Dover's ballet ecosystem punches above its weight for a city of 39,000, shaped largely by proximity to Wilmington's established companies and Delaware State University's dance program. Unlike larger metropolitan scenes, Dover's training landscape emphasizes accessibility and cross-pollination between recreational and pre-professional tracks. Here's what actually exists for prospective students.
First State Ballet Theatre: Dover Studio
Address: 29 S. State Street (Schwartz Center for the Arts, 2nd floor)
Contact: (302) 658-7897 | firststateballet.org
Artistic oversight: Pasha Kambalov, former Louisville Ballet principal
The only professional company-affiliated training in central Delaware, FSBT's Dover operation occupies two studios inside the 1904 Schwartz Center.

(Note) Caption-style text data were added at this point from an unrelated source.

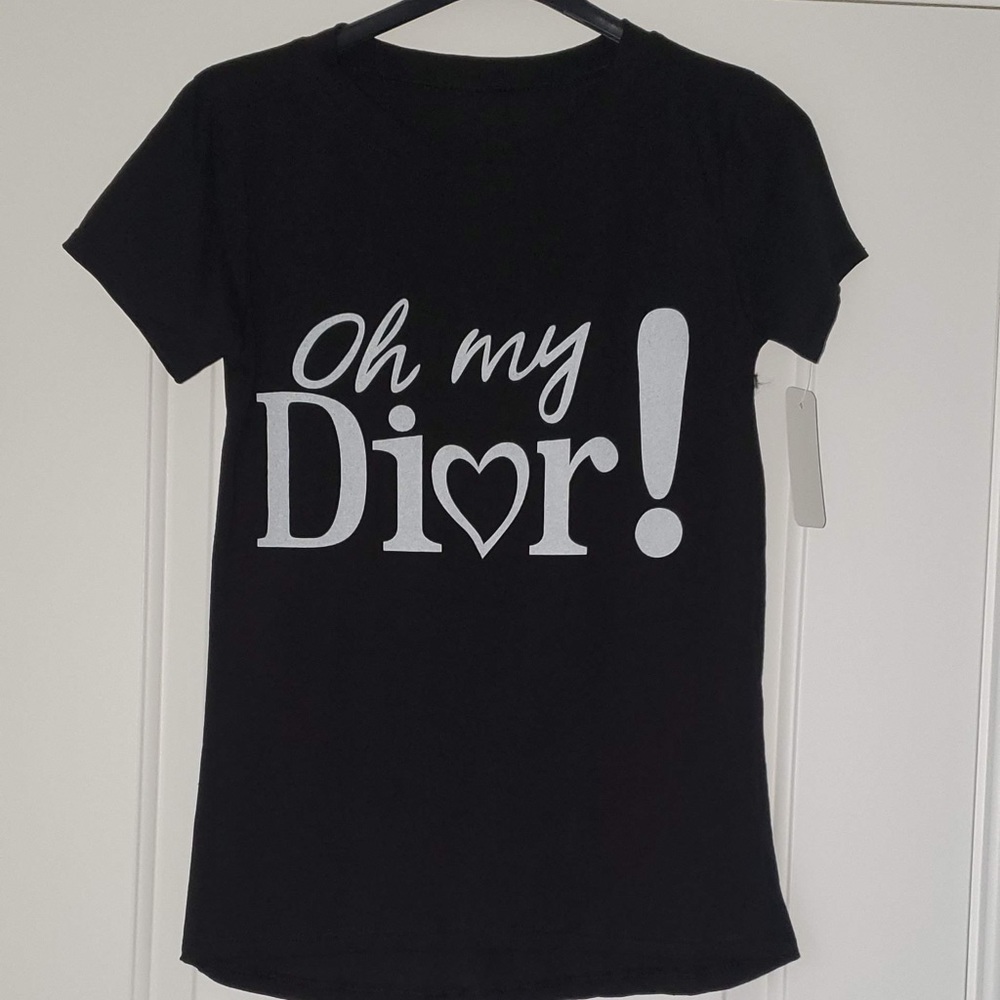 LAST 1❤️Black Oh My Dior  Print T Shirt - Picture 6 of 7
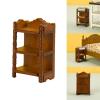1: 12 Wood Nightstand Simulation Living Room Bedside Table Bedside Table Furniture Ornaments Christmas Tree Miniature Sofa view 2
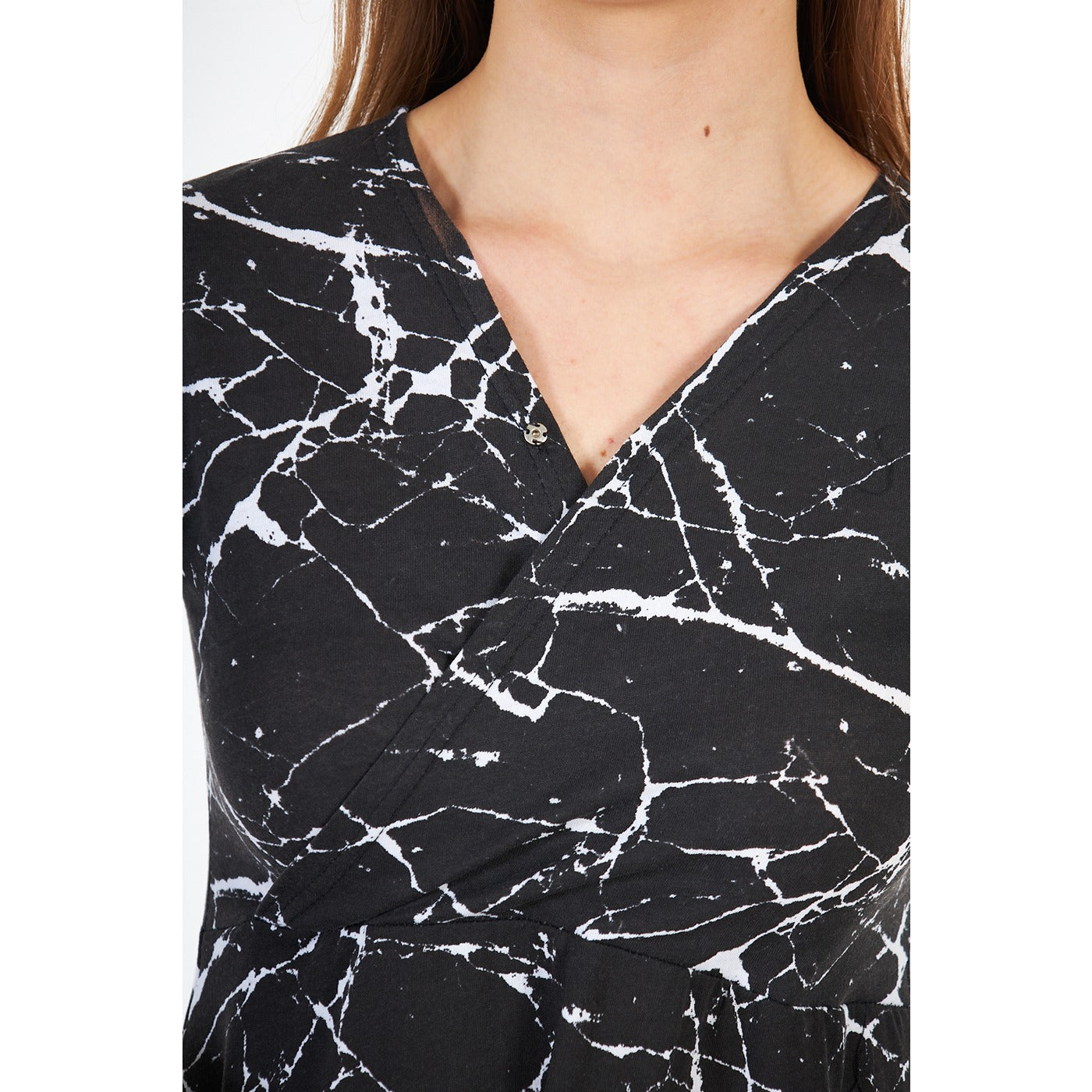 Black Printed Double Breasted Long Dress | Montivo Pakistan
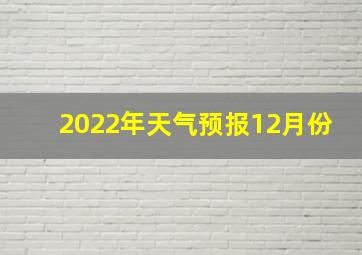 2022年天气预报12月份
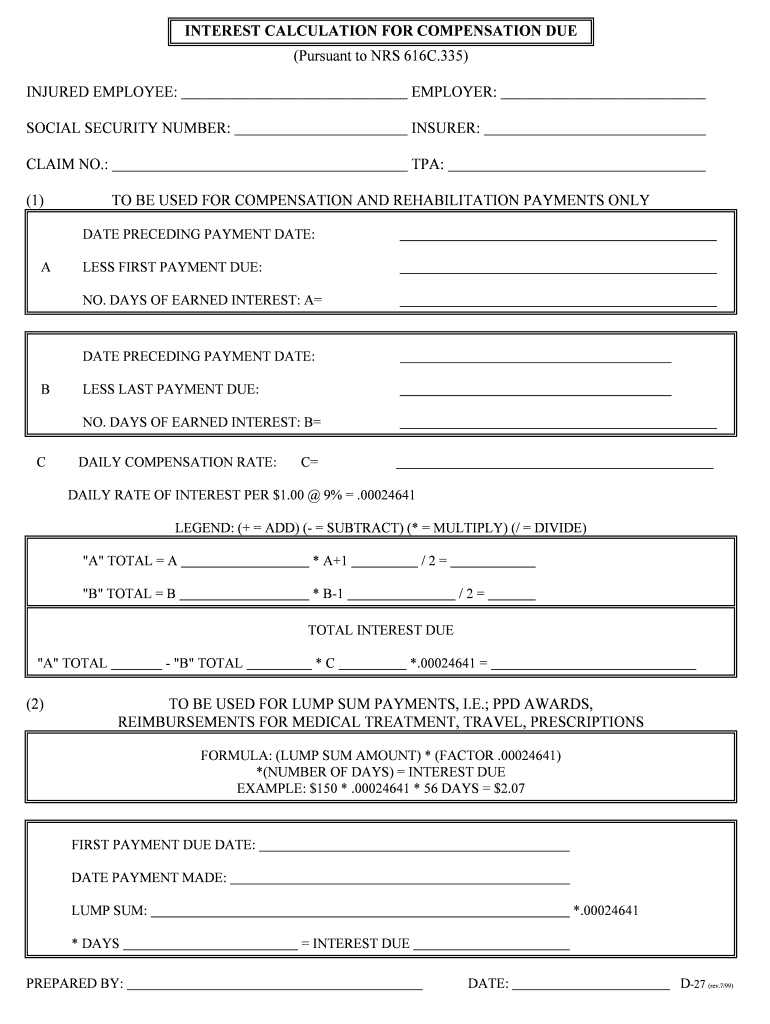 Interest Calculation for Compensation Due D 27Pdf  Form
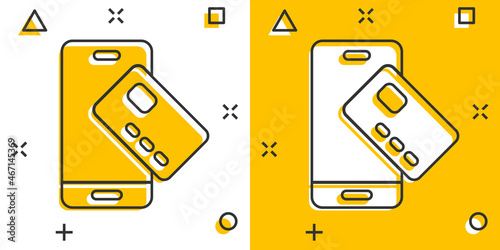 Smartphone paying icon in comic style. Nfc credit card cartoon vector illustration on white isolated background. Banking splash effect business concept.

The programming mirrors its Wilmington headquarters: Vaganova-based technique with Balanchine influences, live piano for all levels above beginner, and a direct pipeline to the company's Nutcracker and spring productions.
Distinctive features: Adult beginner "Absolute Ballet" classes (rarely offered outside major cities), boys' scholarship covering 100% tuition through age 18, and the annual Dover Dance Festival bringing master teachers from Philadelphia and Baltimore. The sprung floors were installed in 2019; prior dancers trained on tile over concrete.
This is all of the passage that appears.